Activity: Print exactly the lines from the one containing "two anime characters" through the last line of the entries below; the pictures stay out of the copy.
###
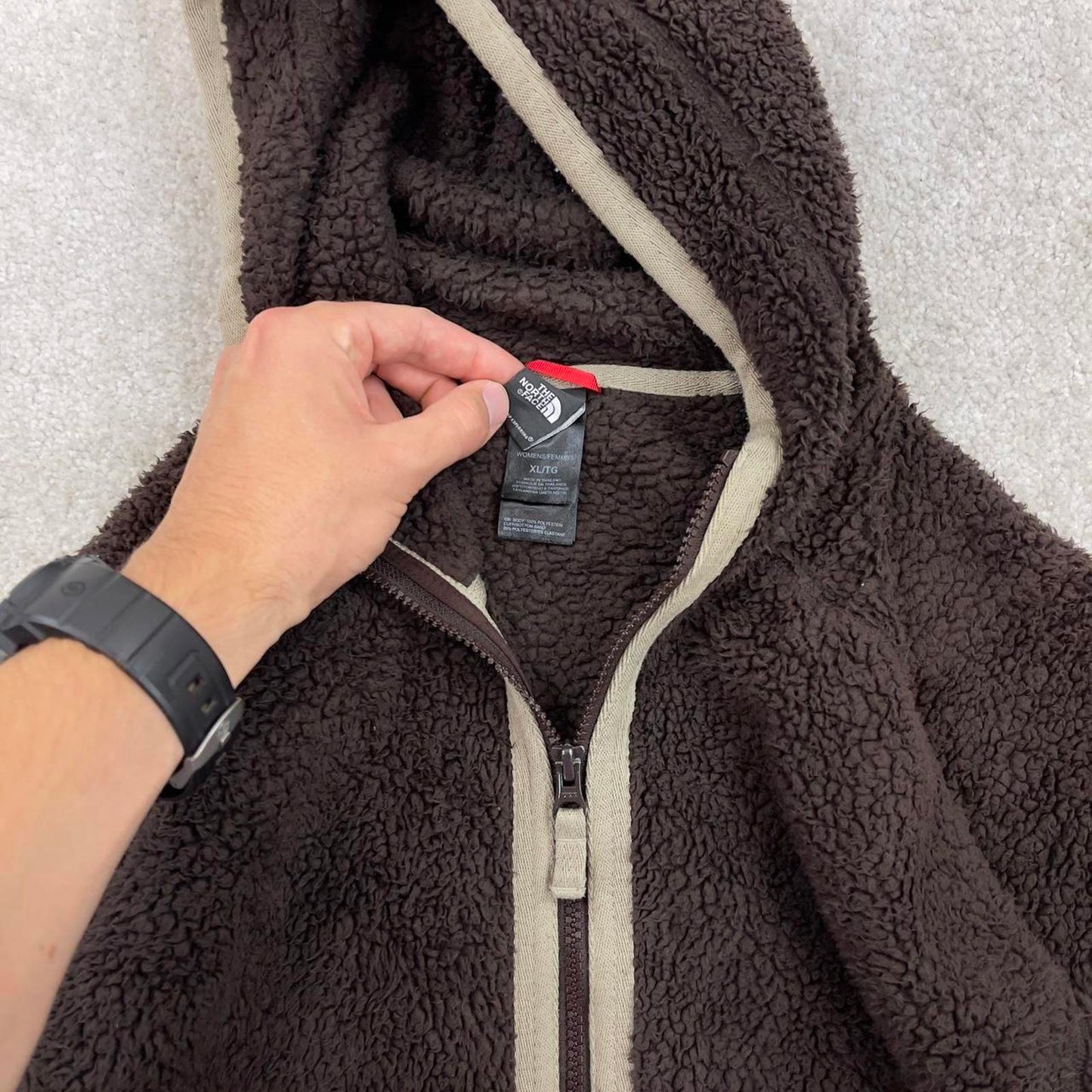 North Face high pile technical fleece hoodie XL women's brown full zip y2k teddy bear style autumn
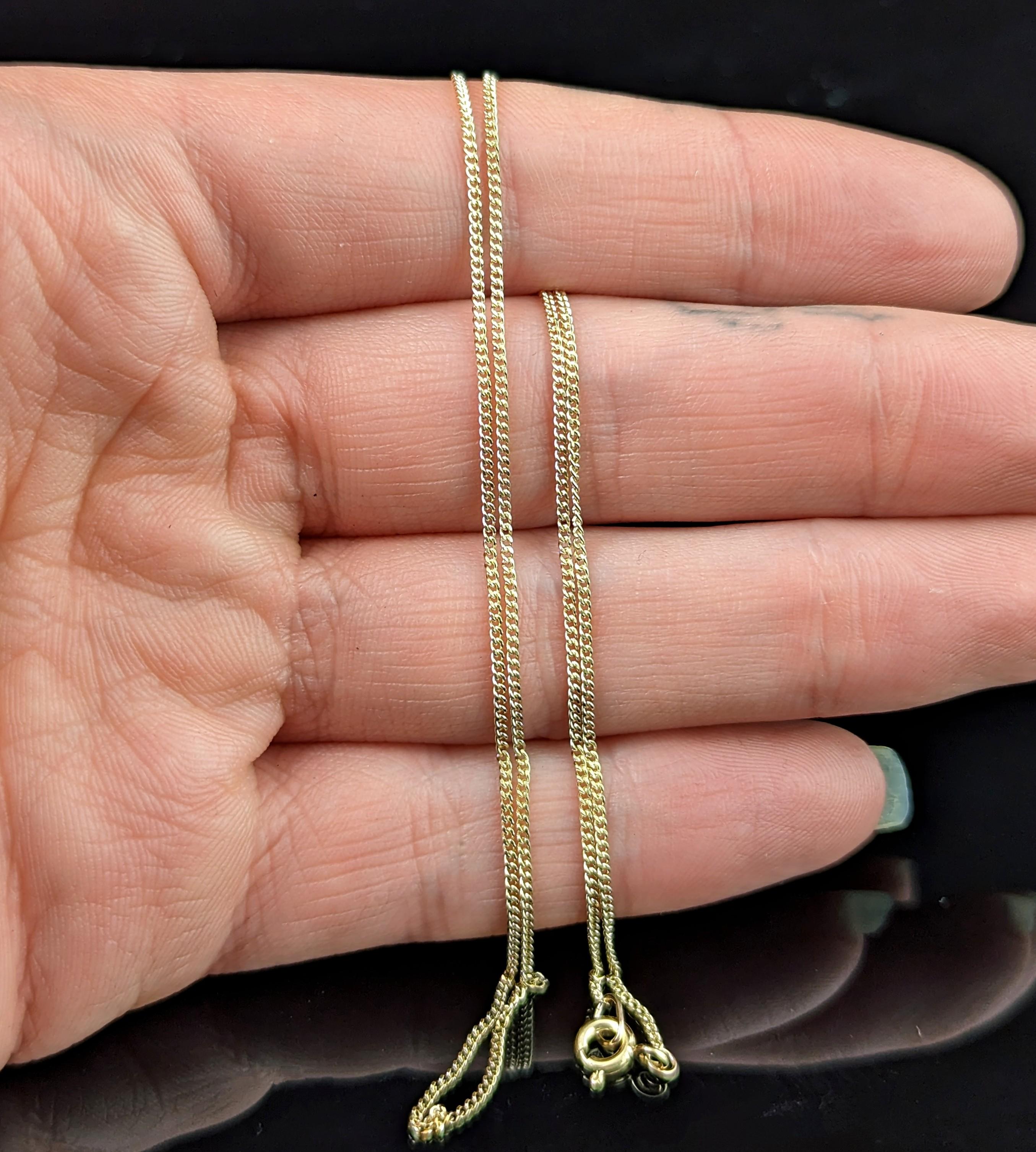 Vintage 9k yellow gold trace chain necklace, curb link  1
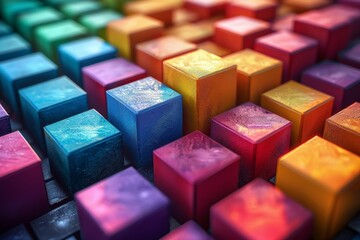 Poster - A close-up of multi-colored 3D blocks with water droplets adding texture and depth to the image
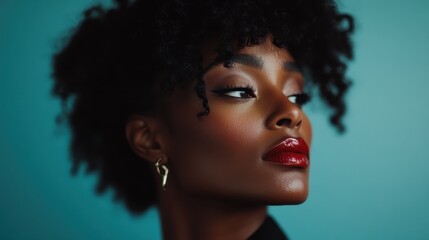 Fototapeta premium A confident woman showcases her stylish makeup and unique hairstyle against a vibrant backdrop, celebrating individuality, self-expression, and beauty in its diverse forms.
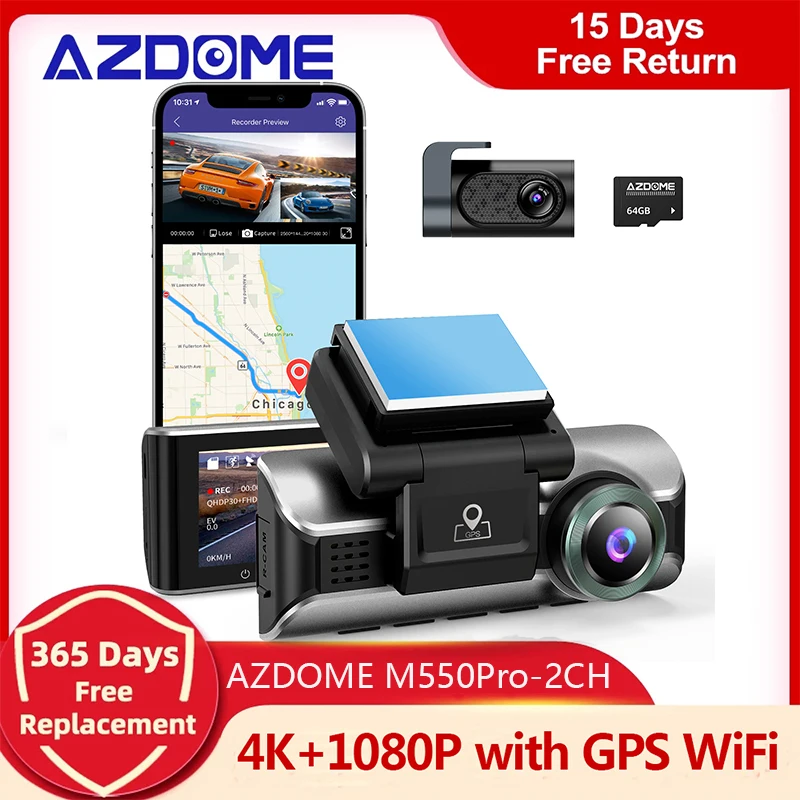 AZDOME M550Pro-2CH Dash Cam 4K Front + 1080 RearCam Car DVR Dual Camera Bulit-in - £114.10 GBP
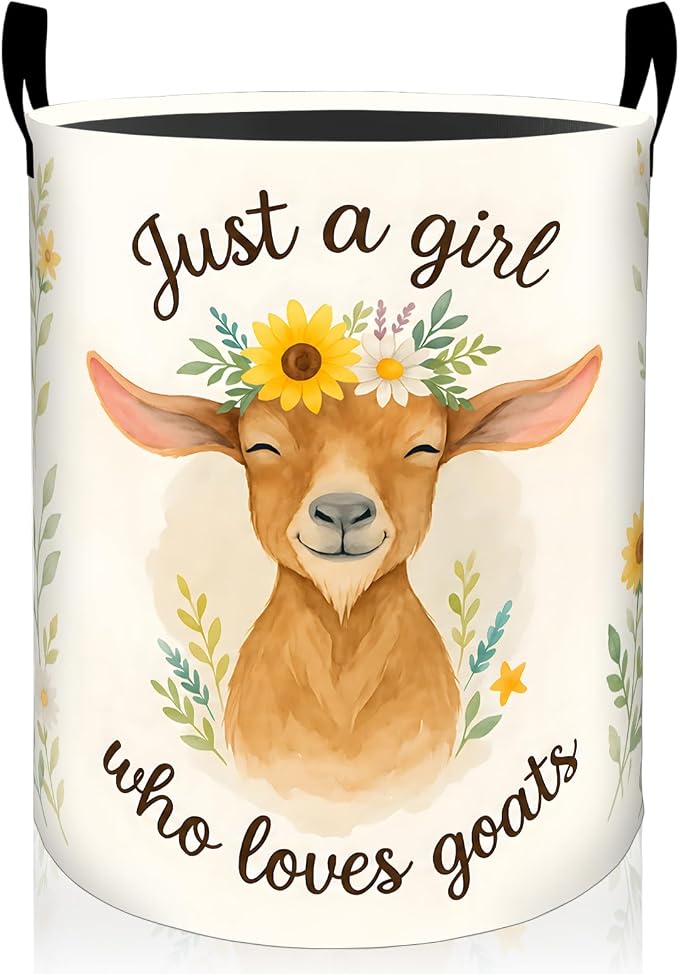 Goat Floral Laundry Basket, Cute Farm Animal Flower Oxford Cloth Dirty Clothes Collapsible Hamper for Room Decor, Country Gifts, Toy Organizer 19.7 x 15.7 Inches for Bedroom Bathroom Dorm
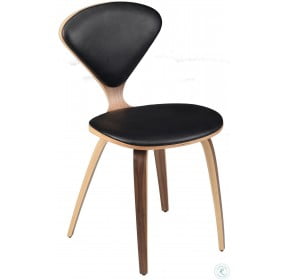 Satine Black Leather Dining Chair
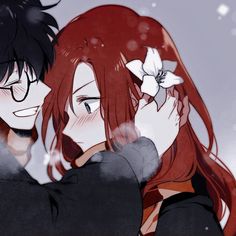 two anime characters with long red hair and glasses, one holding the other's head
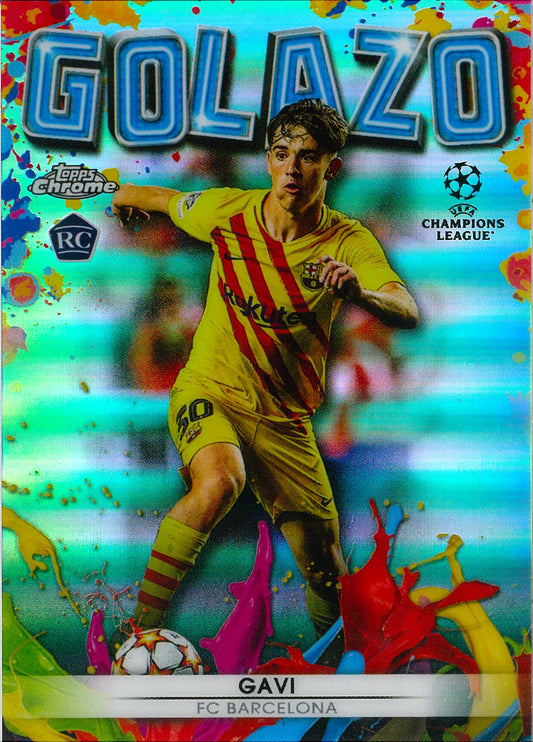 2022 Topps Chrome UCC #G-10 Gavi Golazo Aqua /199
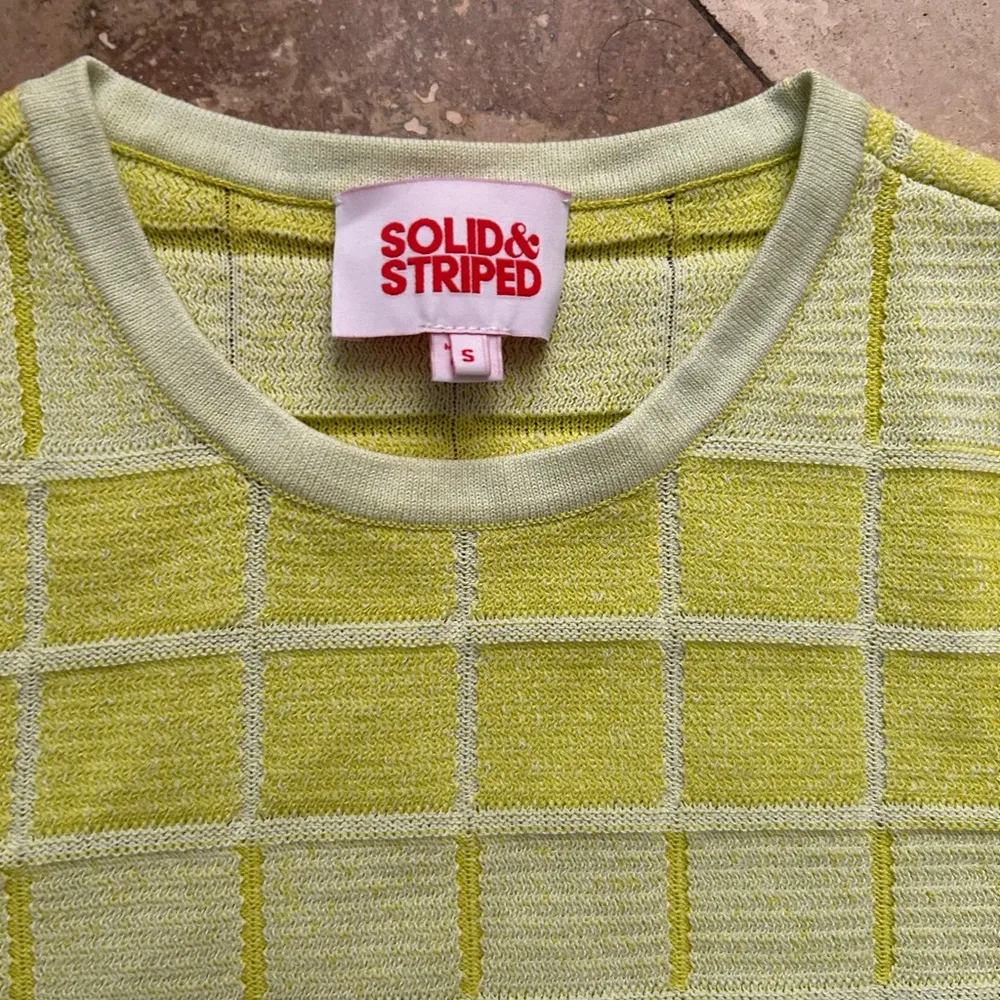 Solid & Striped Yellow Pear & Marshmallow Checkered Gingham Knit Cara Top Small - Image 5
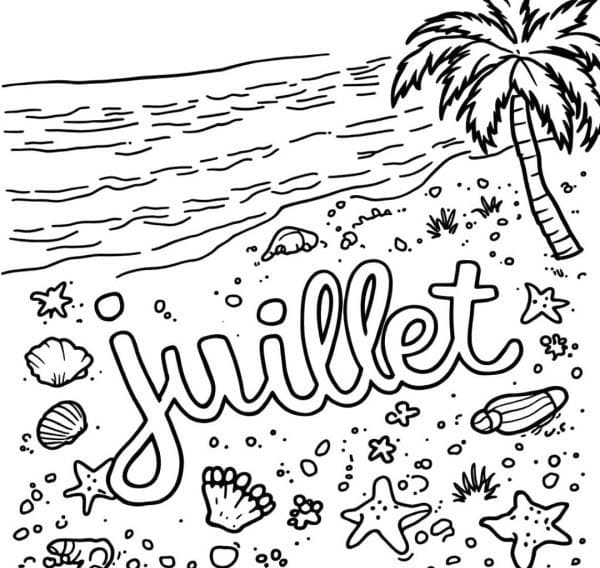 Coloriage Dessiner Juillet basique chez les enfants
###
Result:
 two anime characters with long red hair and glasses, one holding the other's head
 2022 Topps Chrome UCC #G-10 Gavi Golazo Aqua /199
 Solid & Striped Yellow Pear & Marshmallow Checkered Gingham Knit Cara Top Small - Image 5
 Coloriage Dessiner Juillet basique chez les enfants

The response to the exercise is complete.